Image source: Getty Images.

A tentative turn in the top line

The most important takeaway in Nike's fiscal first-quarter update was simple: Revenue returned to growth. In the quarter ended Aug. 31, revenue rose 1% to about $11.7 billion, with management noting wholesale growth and strength in running, training, and basketball. North America revenue increased 4% as wholesale orders improved, while Nike Direct declined as the company continued to lean away from promotions in its digital channels.

But context is key here. Sales growth was accompanied by pain on the bottom line. Management called out heavier discounting in factory stores, a still-promotional digital environment, and gross margin compression. Reported gross margin fell 320 basis points to 42.2%, reflecting discounting, channel mix, and higher product costs -- including newly implemented "reciprocal tariffs" that management now estimates will add roughly $1.5 billion in annualized costs. All of this translated into a 30% year-over-year decrease in earnings per share.

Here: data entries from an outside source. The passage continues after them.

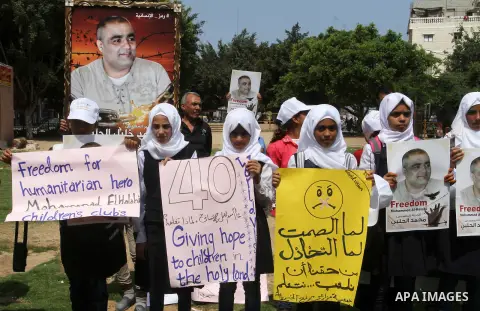 Palestinian demonstrators hold posters of Mohammad El Halabi, World Vision's manager of operations in Gaza who was accused by Israel of funnelling millions of dollars in aid money to Hamas, during a protest in solidarity...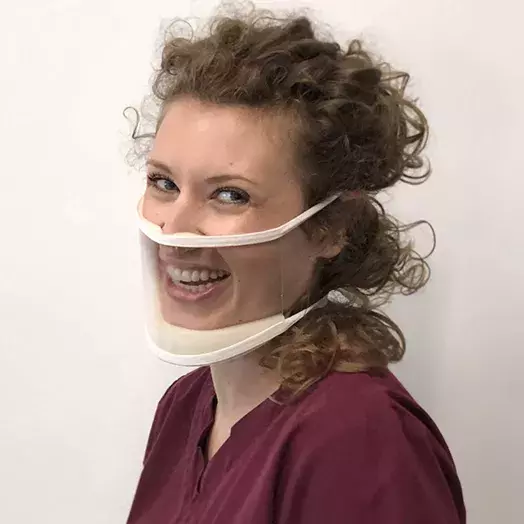 smiling woman wearking a mask that is semi-transparent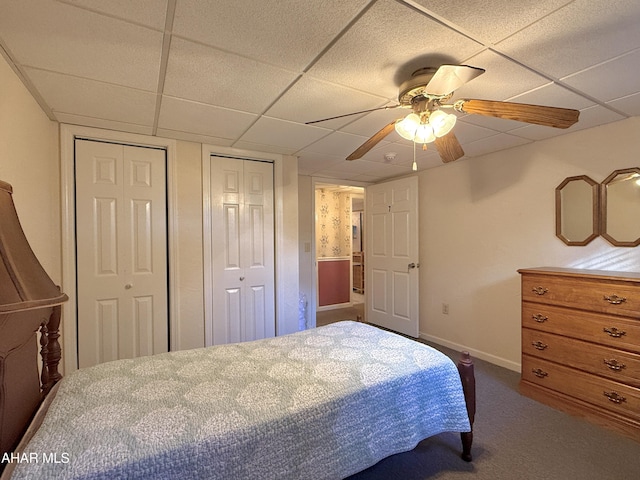 carpeted bedroom with a paneled ceiling, ceiling fan, and multiple closets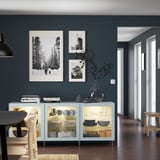 A modern dining room a light blue BESTÅ sideboard against grey walls. The sideboard holds dishes and decor. Black and white photos hang above it.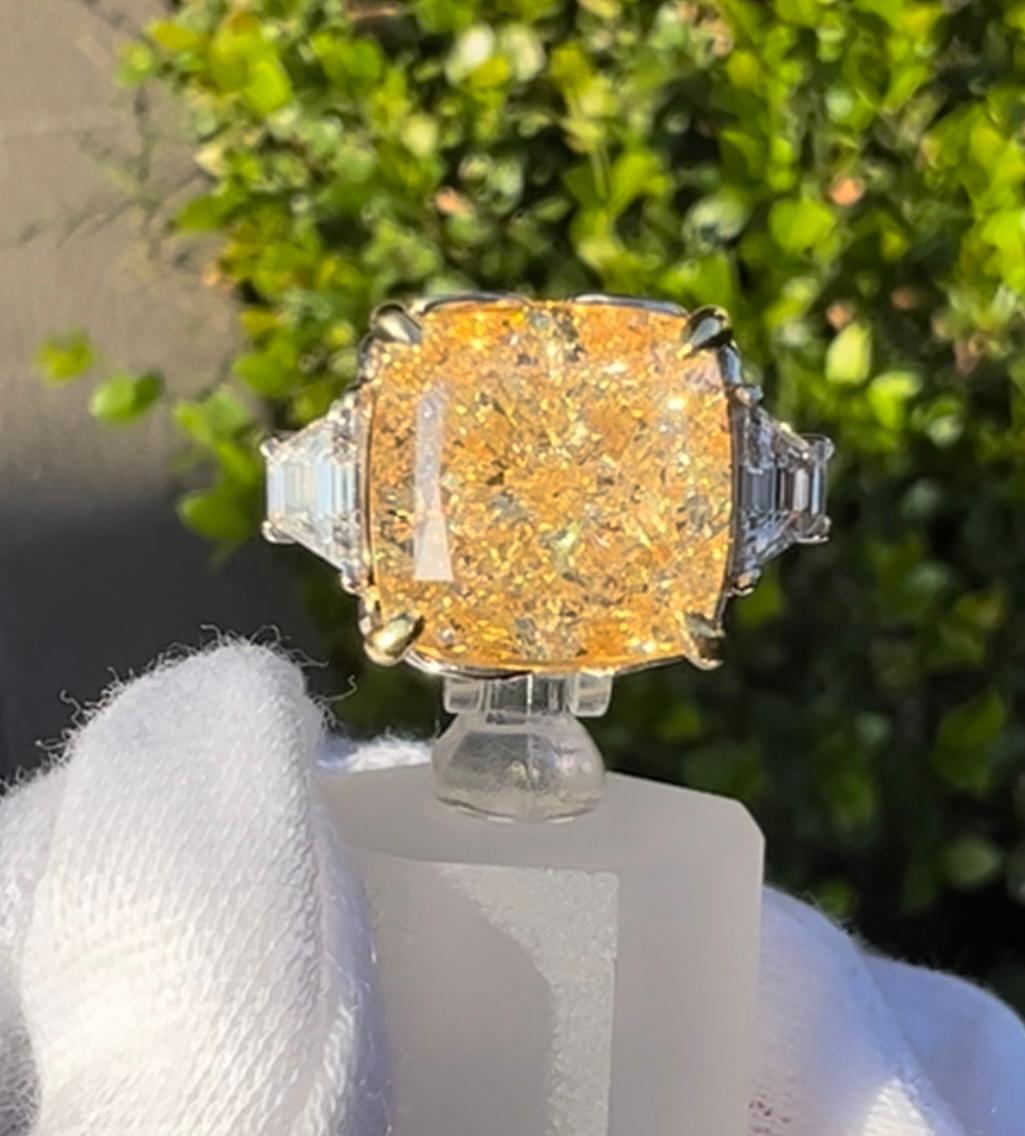 Scintillating, rare and very collectible, ladies 18 karat white and yellow gold 3 stone 9.68 carat total weight diamond ring features in the center one GIA Certified Internally Flawless Cushion Modified Brilliant cut fancy yellow diamond weighing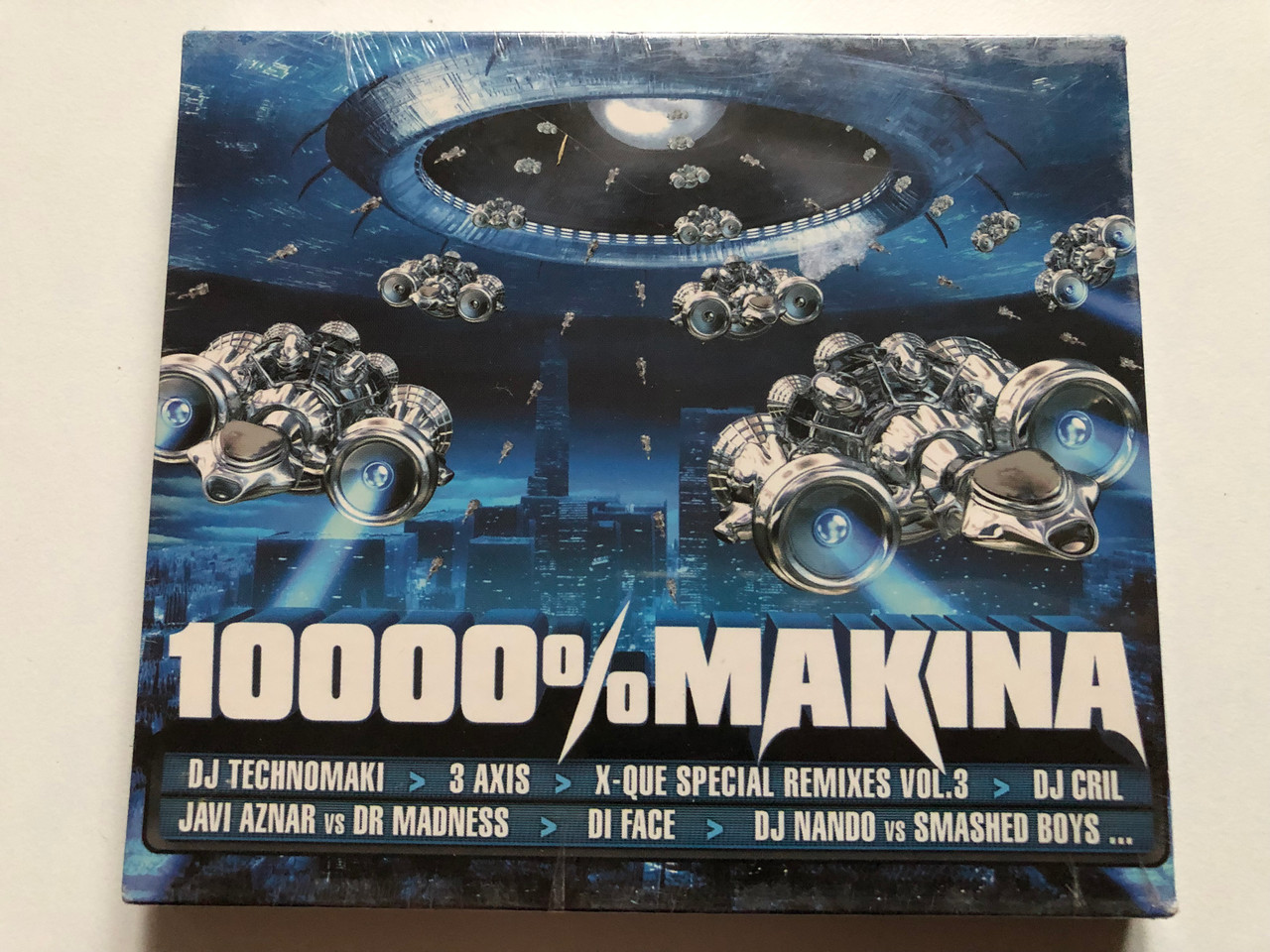 https://cdn10.bigcommerce.com/s-62bdpkt7pb/products/0/images/235023/10000_Makina_DJ_Technomaki_3_Axis_X-Que_Special_Remixes_Vol._3_DJ_Gril_Javi_Aznar_vs_Dr_Madness_Di_Face_DJ_Nando_vs_Smashed_Boys..._Wagram_Music_2x_Audio_CD_2006_3114102_1__71455.1655730903.1280.1280.JPG?c=2&_gl=1*jqqos4*_ga*MjA2NTIxMjE2MC4xNTkwNTEyNTMy*_ga_WS2VZYPC6G*MTY1NTcyNzYxOC40NDMuMS4xNjU1NzMwOTA1LjYw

Geographically, the recovery is uneven. Greater China remained soft, with revenue down 10% year over year, as traffic and sell-through lagged despite pockets of product momentum. But wholesale order books for spring are up year over year, and running delivered strong growth globally.

Given the continued challenges the company is facing in some areas of its business, Nike guided for a low-single-digit revenue decline in the second quarter as it accelerates demand creation and continues to rebalance channels.

"Progress won't be perfectly linear, but the direction is," Nike CEO Elliott Hill said in the prepared remarks of the company's fiscal first-quarter earnings call.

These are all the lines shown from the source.